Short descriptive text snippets
--- START ---

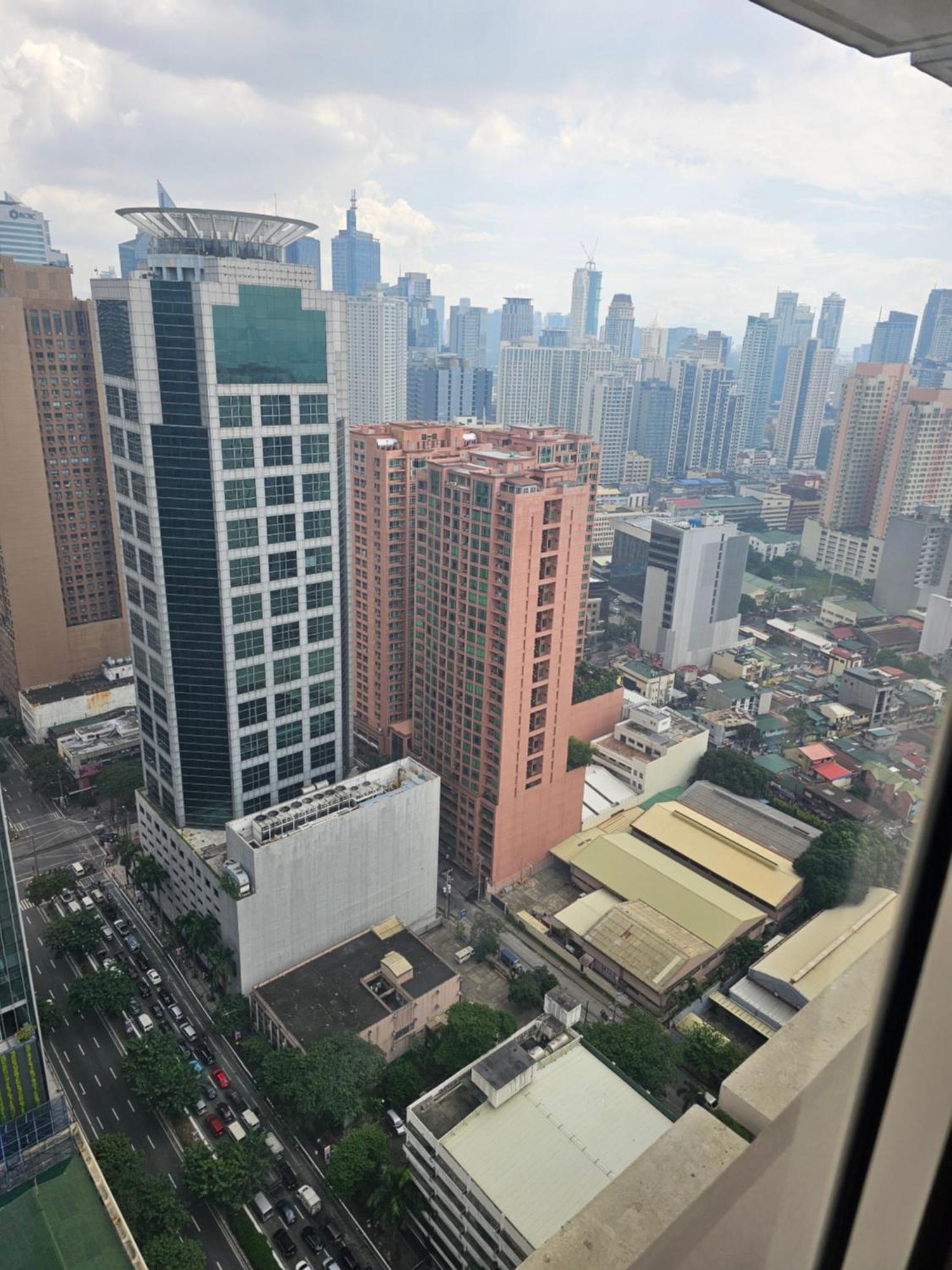 40th Floor Penthouse With Great View * Manila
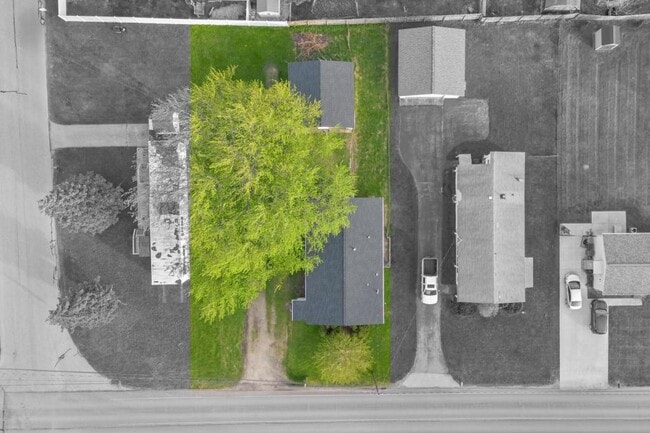 2611 W 23rd St in Erie, PA - Building Photo - Building Photo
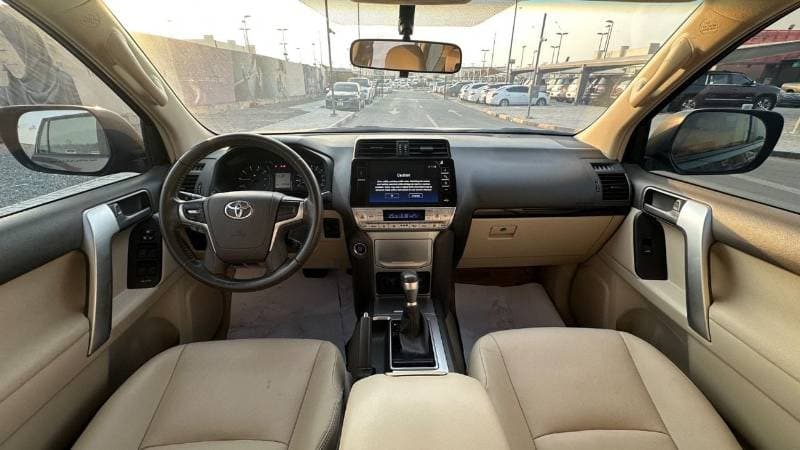 2022 Toyota Prado TX L thumbnail 4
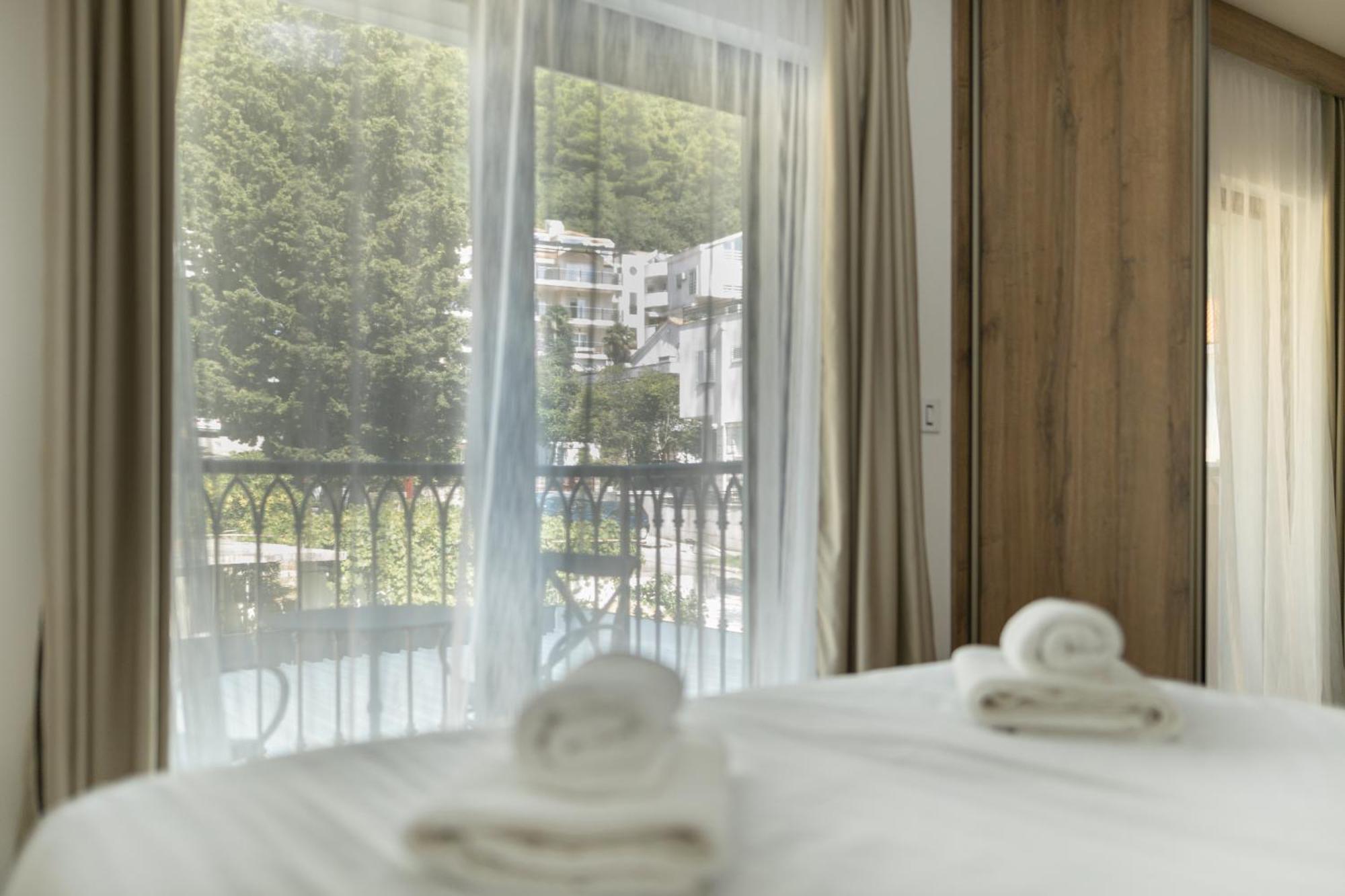 Hotel Diplomat By Aycon ブドヴァ エクステリア 写真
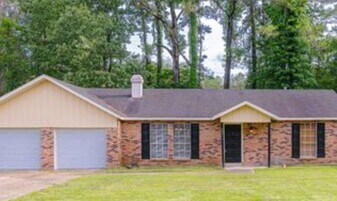 965 N Valley Falls Rd in Jackson, MS - Building Photo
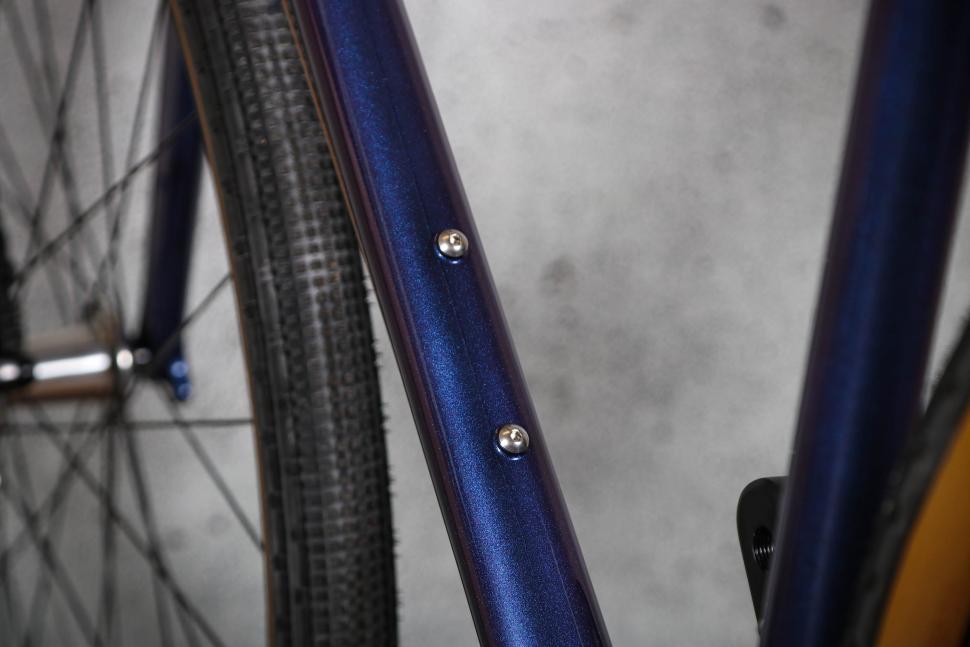 2023 Fairlight Secan 2.5 GRX - downtube bosses.jpg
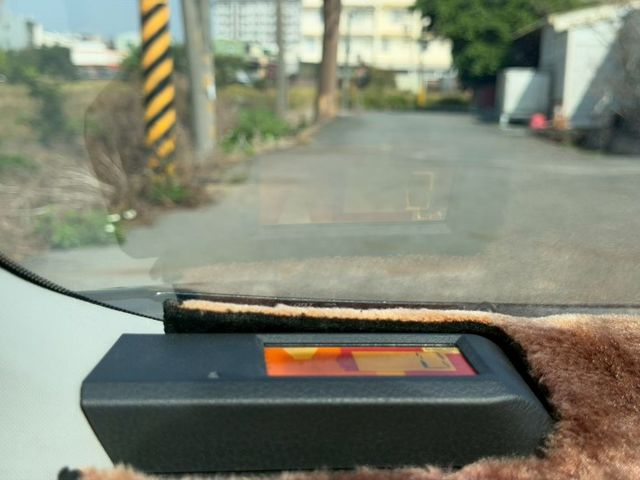 2015 Toyota Corolla Altis 1.8經典版Safety+ 免鑰匙啟動 定速巡航 方向盤快控鍵 恆溫  第9張相片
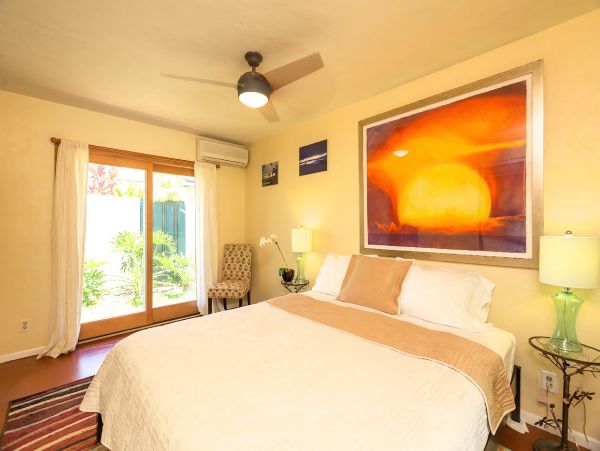 Lovely 4 Bedroom Villa with Pool & Only 2 Min Walk to Beach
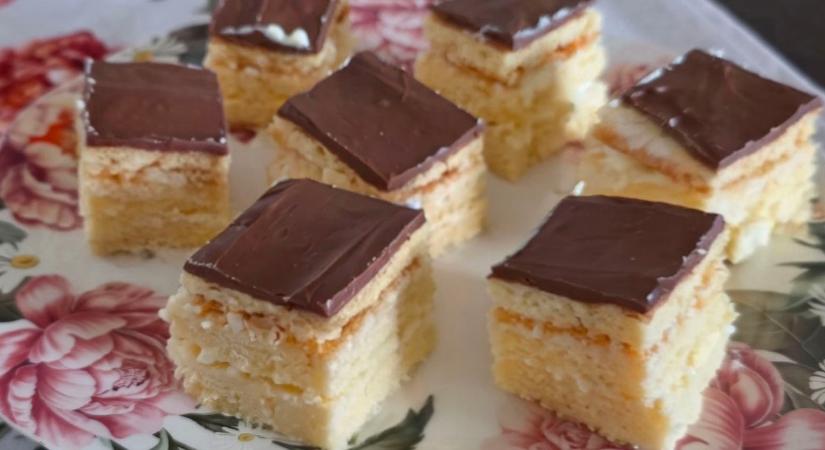 Soklapos túrós sütemény csokimázzal: régi kedvenc recept a mama füzetéből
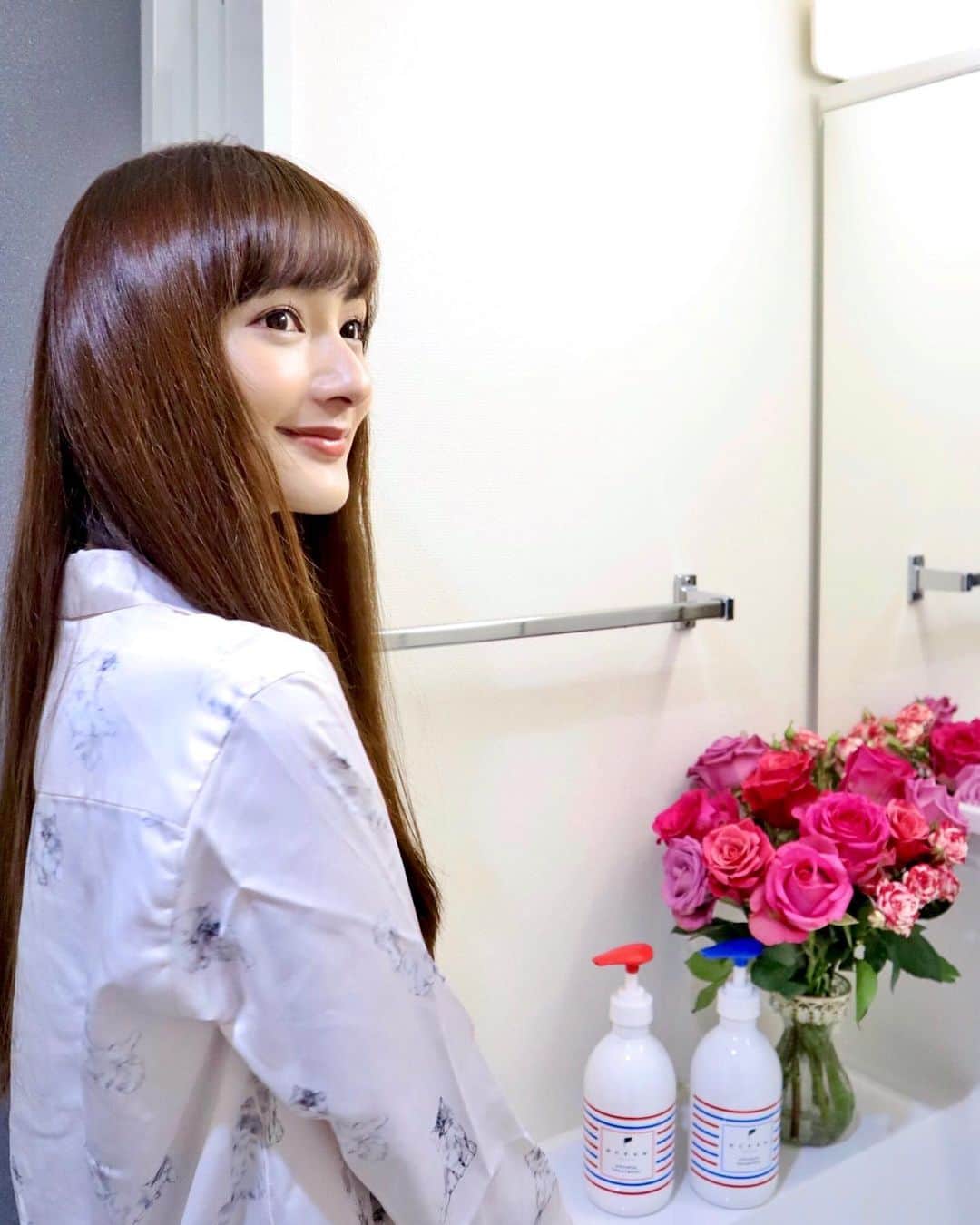 のインスタグラム：「髪が乾燥でパサパサしてしまって、オススメしてもらったシャンプーにかえたら髪の毛ツヤツヤ〜🧴💕 OCEAN TOKYOがプロデュースした【OCEAN TRICO】だよん✨  甘い香りもとっても良くて、お家でもサロンクオリティの仕上がり🥺 女子ウケバッチリだと思う💖  私、ロングでふにゃふにゃ極細猫っ毛だからシャンプー選びは本当難しいのだけど、これは大hitでした💕 時間が経っても絡まらずサラサラのままなの✨  11種類のアミノ酸やEGFなど髪のダメージを補修してくれる成分をもりもり使ってるのになんと1,500円👀  無事サラツヤヘアで新年を迎えられそうです💖  @oceantokyonet #oceantokyo#haircare#instabeauty#beauty#PR#アンサーシャンプー#シャンプー#ヘアケア#トリートメント#高木琢也」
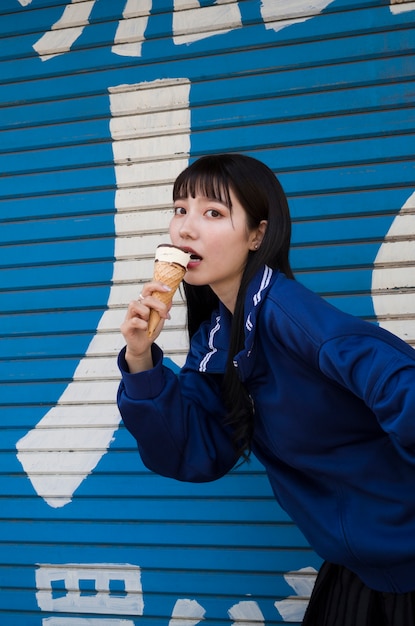 Kostenloses Foto mittlere schussfrau mit eiscreme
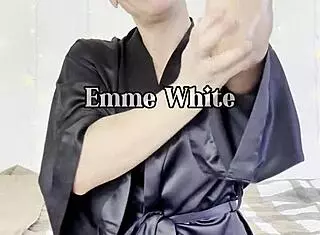 Amateur milf uses sex machine on pussy with dildo!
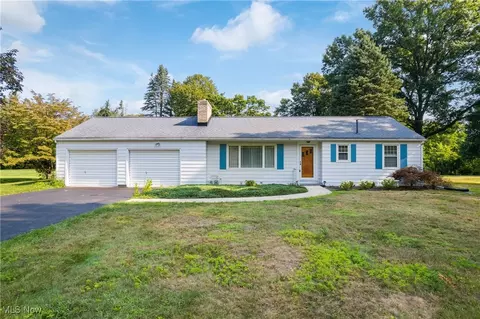 3008 Meadowwood St NW, Massillon, OH 44646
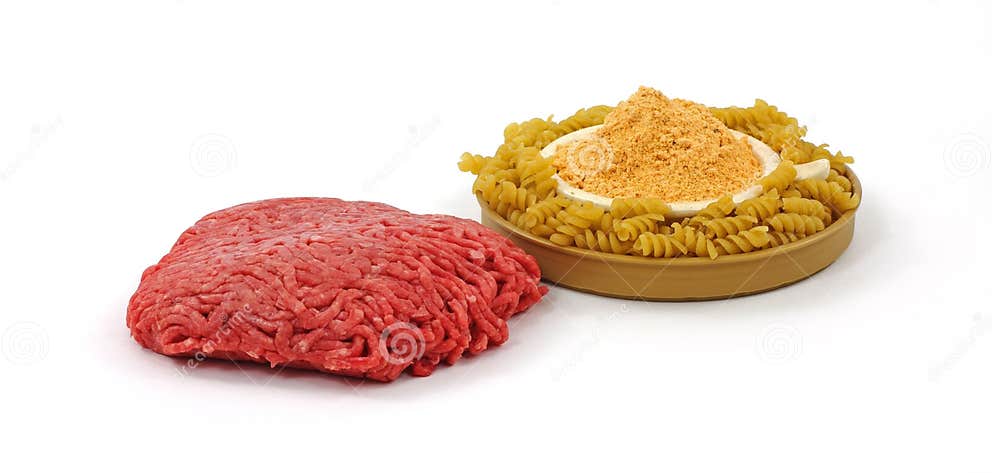 should i use veal or lean beef in pasta sauce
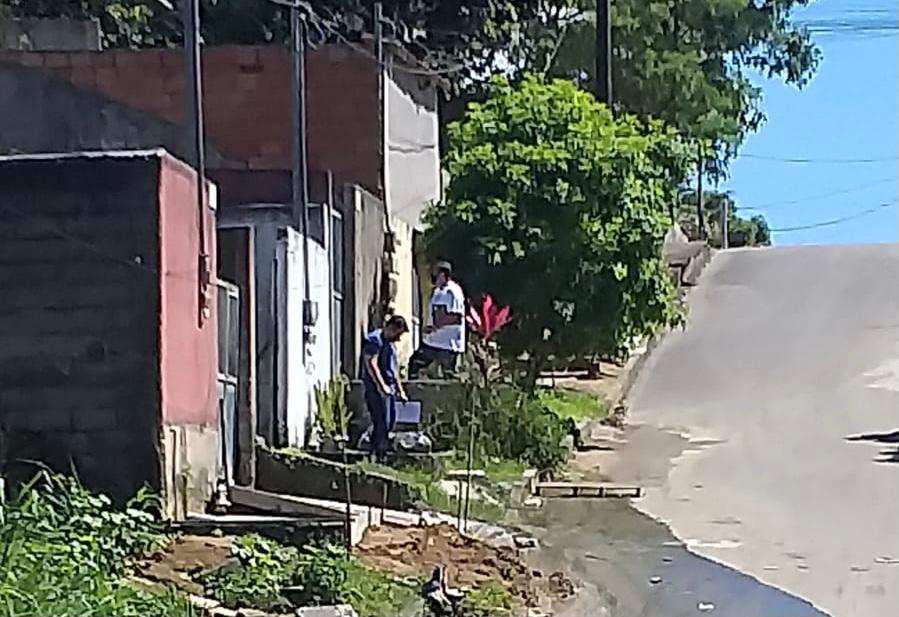 Prefeitura de Guarapari notifica moradores de Santa Mônica sobre esgoto irregular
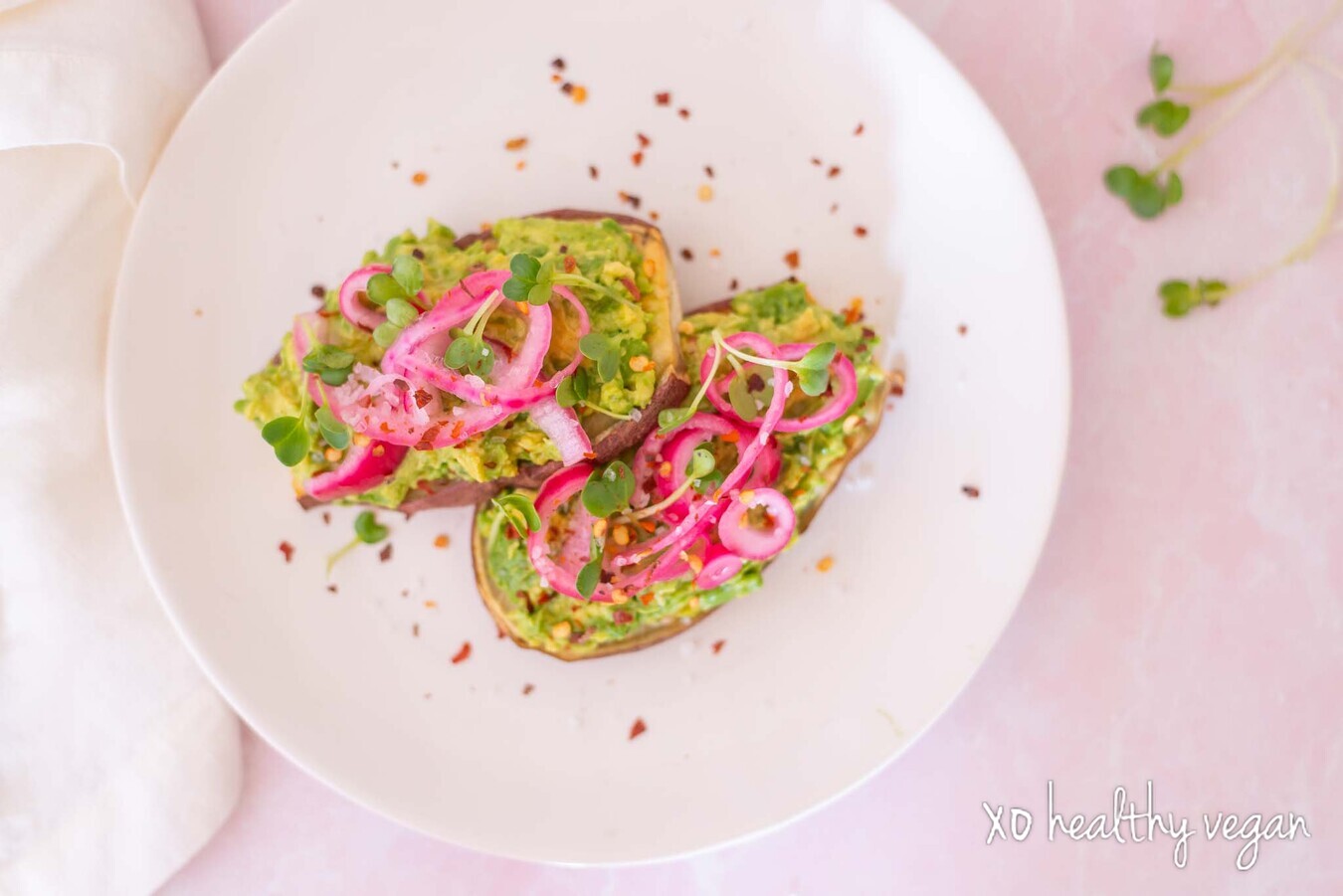 HealthyVegan-Sweet-Potato-Avocado-Toast-3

--- END ---

Work required
Leave the pictures out, and restate exactly the lines from the start of the records through the one that contains "Lovely 4 Bedroom".

Solution to the problem
 40th Floor Penthouse With Great View * Manila
 2611 W 23rd St in Erie, PA - Building Photo - Building Photo
 2022 Toyota Prado TX L thumbnail 4
 Hotel Diplomat By Aycon ブドヴァ エクステリア 写真
 965 N Valley Falls Rd in Jackson, MS - Building Photo
 2023 Fairlight Secan 2.5 GRX - downtube bosses.jpg
 2015 Toyota Corolla Altis 1.8經典版Safety+ 免鑰匙啟動 定速巡航 方向盤快控鍵 恆溫  第9張相片
 Lovely 4 Bedroom Villa with Pool & Only 2 Min Walk to Beach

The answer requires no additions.